League City Parkway, which western residents use to access I-45 to get farther north and south of League City, has been a "chronic bottleneck" for years, City Manager John Baumgartner said.
Late last year, the Texas Department of Transportation began work to improve the intersection of League City Parkway and I-45, a project that is still underway. Around December 2019, League City proposed closing Butler and Turner, motorists' only way around the League City Parkway work.
As such, residents vocalized opposition to closing Butler and Turner during TxDOT's project, and the city heard their concerns, Baumgartner said.
“We postponed the closing," he said.
While remaining open, contractors have done drainage and other preliminary work for Butler and Turner, waiting for the opportunity to close to repave and widen the roads, Baugartner said.
At the same time in late 2019, a contractor had closed Ervin Street south of Butler and Turner for a project to expand it further east to connect to Calder Road and provide another alternative besides Butler and Turner for motorists seeking to avoid traffic along League City Parkway. After speaking with the contractor, League City agreed to pay $150,000 to have the contractor phase the project differently so that two lanes of what would become a four-lane Ervin Street would open by April 15, which the contractor met.
As soon as Ervin opened, Butler and Turner closed. By opening Ervin Street early, the city gave motorists a way around League City Parkway while Butler and Turner are under construction, Baumgartner said.
Motorists will have to endure only a few more months before the roads will open up and provide even more relief to all traveling in the area, Baumgartner said.
After the road opens, those traveling north on Calder who want to go west on League City Parkway will not have to wait at the stop sign-controlled intersection of Calder and League City Parkway, which is the site of many backups. Instead, they will be able to go through a roundabout on Calder west onto Turner, hit another roundabout on Turner to go north on Butler and then, reach a four-way, traffic signal-controlled intersection at League City Parkway, Baumgartner said.
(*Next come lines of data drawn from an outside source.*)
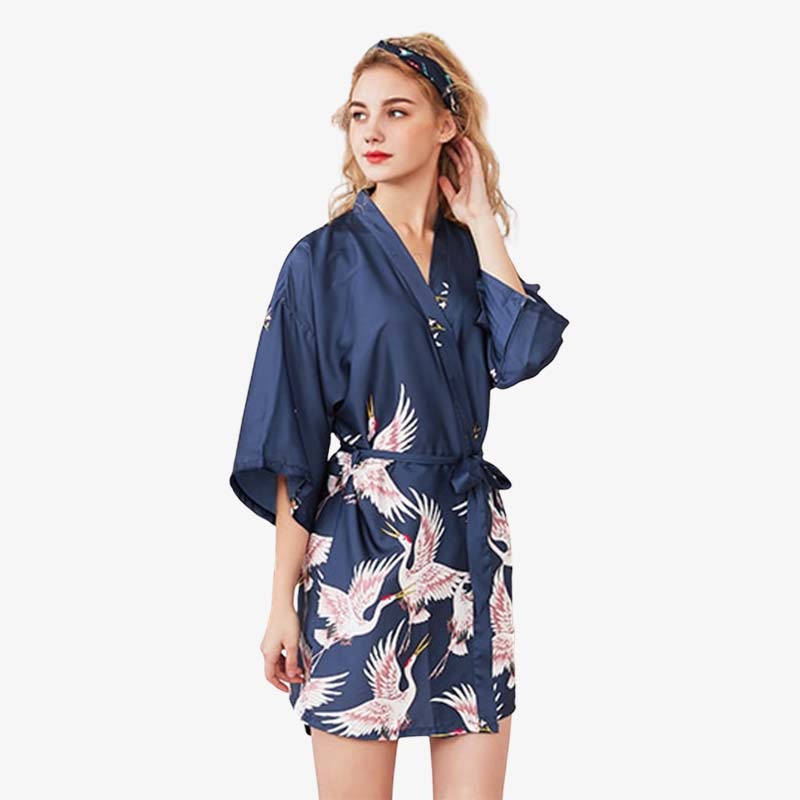 Kimono pijama mujer con estampado de grullas Tsuru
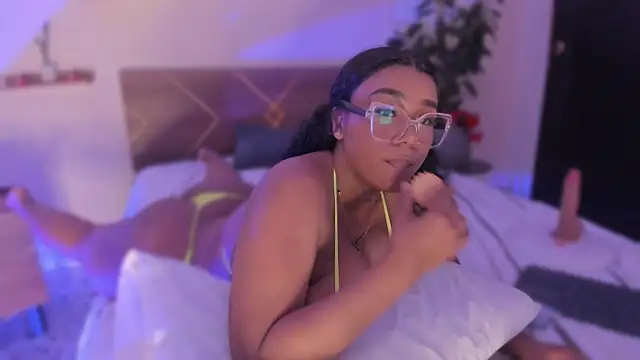 YariRose Chat XXX live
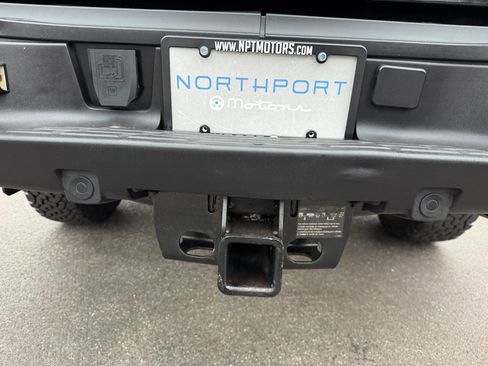 Used 2013 Chevrolet Silverado 2500 LTZ w/ LTZ Plus Package AWD/4WD image 27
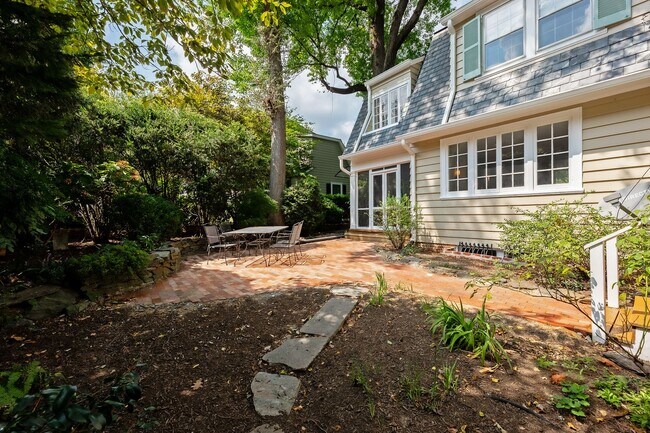 Building Photo - 4BR 3.5 BA Chevy Chase Gem is Move-in Read...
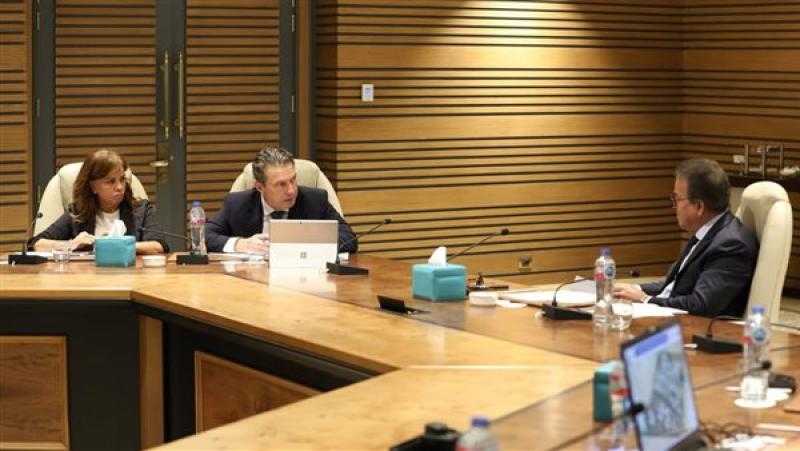 وزير الصحة يستقبل وفد البنك الأوروبي لإعادة الإعمار والتنمية لبحث تطوير المنشآت الصحية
Additionally, Butler and Turner will be widened to three lanes, which will allow more vehicles to travel simultaneously. Curbs and gutters are being installed to improve drainage, another significant concern for League City residents, Baumgartner said.
Even if Butler and Turner had not been widened, they needed work, he said.
"Turner and Butler are old, ... rural county road sections," Baumgartner said. "They’re [functionally] obsolete.”
By the end of the year, all three projects—the Butler and Turner widening, the Ervin extension, and the League City Parkway and I-45 intersection work—will be complete, working in tandem to offer respite to the increasing number of residents who drive on them daily, Baumgartner said.
"We can’t get them under design and construction fast enough," he said of the city's road projects.